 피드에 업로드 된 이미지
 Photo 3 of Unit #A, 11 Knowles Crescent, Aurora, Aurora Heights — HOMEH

---

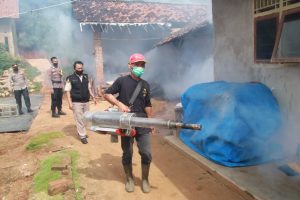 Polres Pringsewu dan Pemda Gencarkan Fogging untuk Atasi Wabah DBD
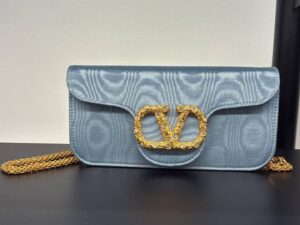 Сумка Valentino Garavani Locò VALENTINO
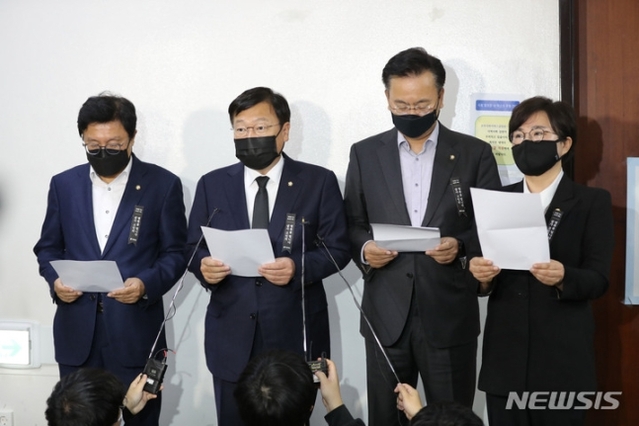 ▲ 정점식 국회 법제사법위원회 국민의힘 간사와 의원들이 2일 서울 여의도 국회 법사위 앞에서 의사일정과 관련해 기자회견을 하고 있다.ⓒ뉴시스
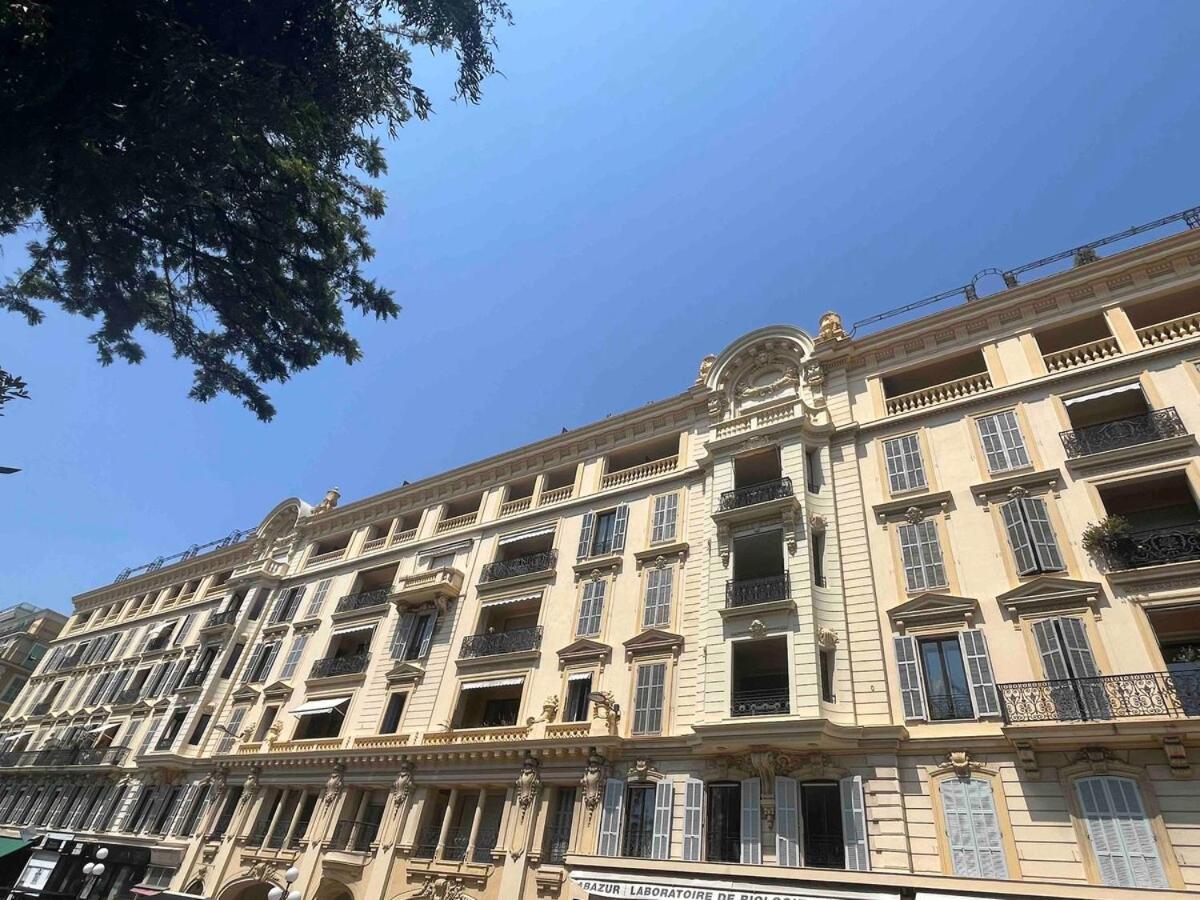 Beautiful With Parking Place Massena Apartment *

...

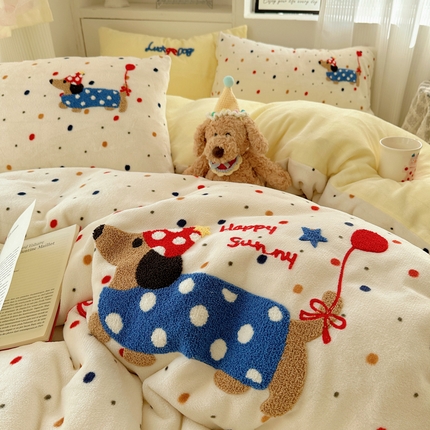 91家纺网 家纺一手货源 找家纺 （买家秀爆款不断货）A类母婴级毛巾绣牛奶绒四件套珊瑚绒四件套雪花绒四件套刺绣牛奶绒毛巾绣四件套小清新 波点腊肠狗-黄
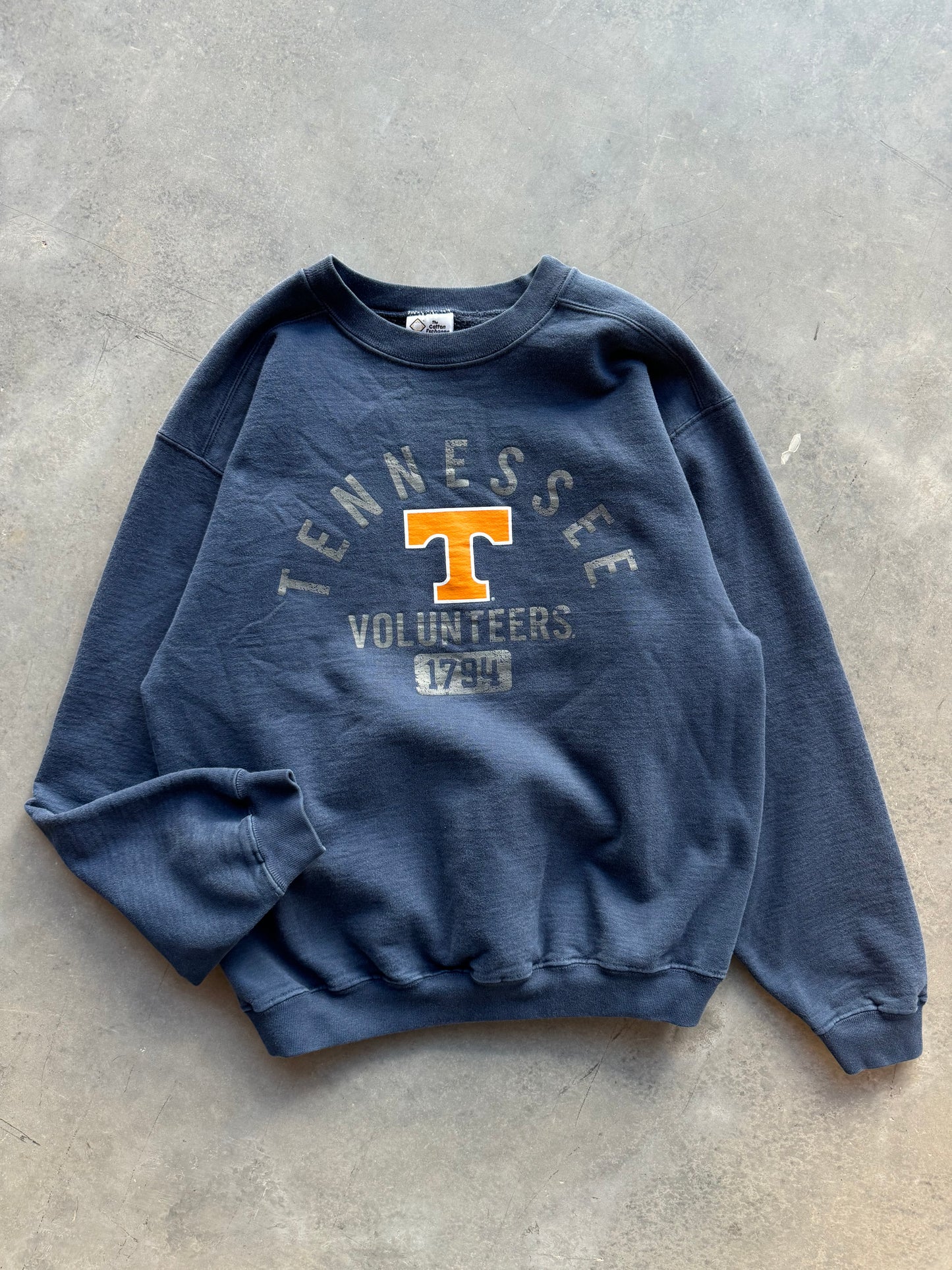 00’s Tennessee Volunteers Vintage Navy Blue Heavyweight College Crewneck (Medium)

**TRY IT:** Give again exactly, and only, the lines above starting at the one with "피드에 업로드 된 이미지" and ending at the one with "Photo 3 of Unit".

**ANSWER SPACE:**
 피드에 업로드 된 이미지
 Photo 3 of Unit #A, 11 Knowles Crescent, Aurora, Aurora Heights — HOMEH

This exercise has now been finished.